De luidsprekers staan in eerste instantie te ver uit elkaar naar onze zin, maar dat verbergt niet wat een rotsvaste plaatsing Atoll apparatuur heeft. Een zangstem staat werkelijk onbewegelijk in het midden tussen de speakers. Zo onbeweeglijk dat het gedeeltelijk a capella gezongen werk uit een center lijkt te komen of uit een mono bron. Als meer instrumenten deel gaan nemen of orkestwerk aan de beurt komt, blijkt dat we wel degelijk luisteren naar een stereo installatie. Het opgebouwde beeld loopt ver naar buiten, geeft hoogte en diepte informatie weer en beeldt stemmen en instrumenten af op ware grootte. Het luisteren is zonder meer plezierig en detailrijk, zonder te verliezen in een onaangename analytische weergave. De klank is rijk, zonder overdrijving, waar de grote ruimte mede debet aan zal zijn. Staande golven heb je weinig last van. Zowel jazz, pop als klassiek komen voorbij en vormen samen een prettige afsluiting van een dag in Brécey.
Natuurlijk discussiëren en filosoferen we onder het genot van de muziek nog wat door met de broers Stéphane en Emmanuel, vooral over techniek. Ze zijn beiden open. Zo kost het kost maar weinig moeite om Stéphane zover te krijgen dat hij de uitspraak doet dat een huidige elektronische volumeregelaar, die werkt op basis van een chip waarin halfgeleiders weerstanden in serie schakelen met de signaalweg, beter klinkt dan een ALPS traditionele potentiometer. Reden dat in de duurdere Atoll’s geen ALPS meer te vinden is. Een andere uitspraak van hem is dat de eindtransistor van elke eindversterker steeds dezelfde MOS-FET is, gemonteerd op een eigen koellichaam per transistor, wat een aantal voordelen met zich meebrengt als: geen lekstromen, geen reden tot isolatie van de transistor wat warmte overdracht in de weg zit en modulaire goedkope bouw is mogelijk. Tijdens het gesprek blijkt nogmaals dat de heren met beide benen op de grond staan en apparaten willen leveren die een betaalbare prijs koppelen aan degelijkheid, duurzaamheid, stabiliteit en een uitstekend geluid. Wie instapt bij Atoll betaald ca. 550 euro voor een geïntegreerde versterker. Voor nog eens 400 euro heeft u de mogelijkheid tot bi-ampen. Het duurste product is de PR5.1 processor die met een zilver front, AB, surround board en phono print net over de 1800 euro gaat.

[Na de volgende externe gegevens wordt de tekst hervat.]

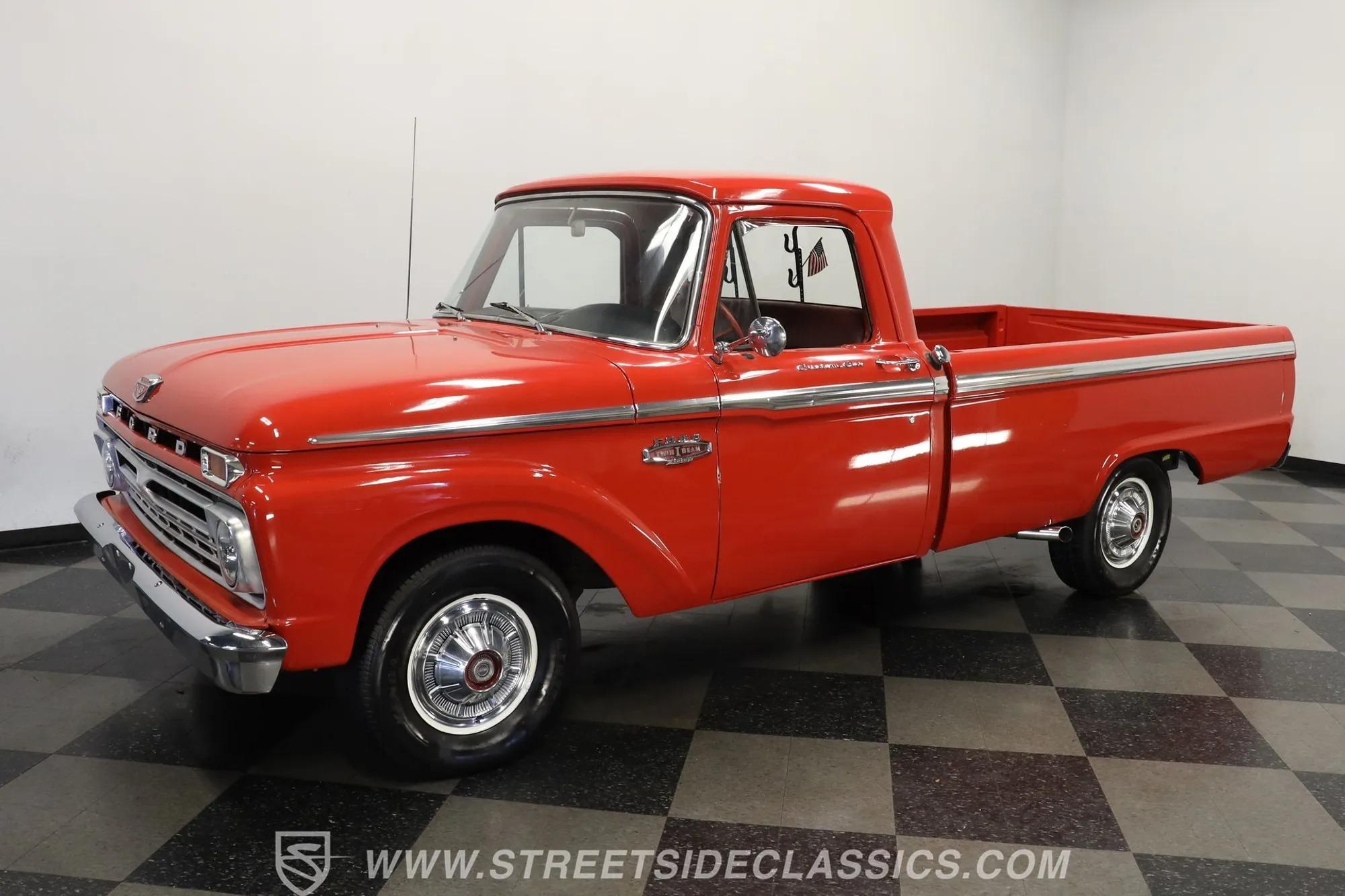 1966 Ford F-100 Longbed - 4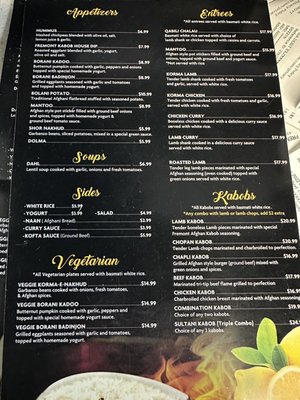 Menu photo 3 Fremont Kabob Restaurant Santa Clara, CA Menu photo 3 Fremont Kabob Restaurant Santa Clara, CA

Na het afscheid van Stéphane en Emmanuel druilt buiten de regen nog steeds, wat te zien is aan de foto’s van het pand. We laten Brécey achter ons op weg naar de Pont de Normandie. Het was een bezoek dat inzicht heeft gegeven in de mensen achter Atoll. Wat heeft aangetoond dat met goed ondernemerschap, slim handelen en door materialen breed in te zetten Europees en in het geval van Atoll Frans handwerk nog steeds geleverd kan worden. Tegen een zeer schappelijke prijs, met een uitstekend geluid en een minstens zo hoge prijs/kwaliteit verhouding.